Princess Alice Hospice in Esher, Surrey, supported Remember A Charity Week this year by going back to the 1970s.
The charity returned to the days of the UK joining the Common Market, decimalisation, the first test-tube baby and the emergence of punk.
The hospice was one of more than 200 charities taking part in a series of events around the UK urging supporters to pass on something to charity by leaving a gift in their will, after they’ve taken care of friends and family. Former Strictly Come Dancing head judge Len Goodman featured in the national publicity drive for the campaign, along with a spoof version of “Points of View” the BBC TV viewers’ feedback programme.
To mark the campaign the hospice displayed 1970s memorabilia including clothing, household items, LPs, books and toys from the era, as well as a special 1970s menu comprising chicken chasseur, minute steak, a cold buffet with poached salmon, iconic cheese and pineapple on cocktail sticks, and a prawn cocktail. Menus were designed with 70s stars adorning the pages.
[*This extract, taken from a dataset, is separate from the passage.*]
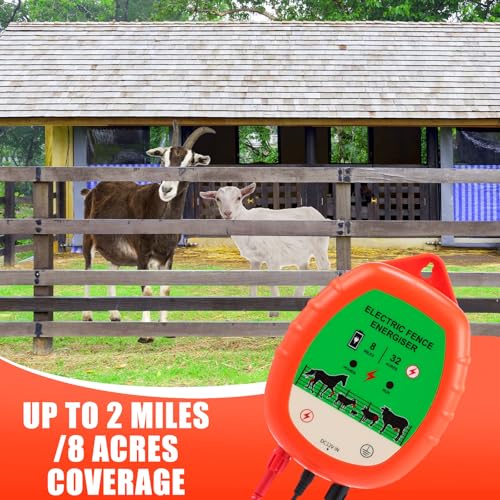 8 Mile Electric Fence Kit for Livestock, 12kv 2J Electric Fence Charger 50 Black Insulator 1 Socket Tool 250ft Aluminum Wire for Predators Deterrent Farm Fencing System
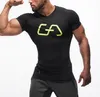 Mens Summer gyms Fitness bodybuilding t Shirt Crossfit Muscle male Short sleeves Slim fit elasticity Shirts Quick dry Tee tops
Staff delved into their wardrobes – and the charity’s high street shops – to dig out 1970s fashions like flares, hippy gear, platform shoes and shades. There was also a 70s-style film screening of the week’s promotional videos, with popcorn.
It was all with a serious purpose – to highlight the huge importance of legacies in funding the work of Princess Alice Hospice. Last year £5.1 million was donated through wills to the hospice, making it the charity’s biggest income stream – 50 per cent of the total £10.3 million.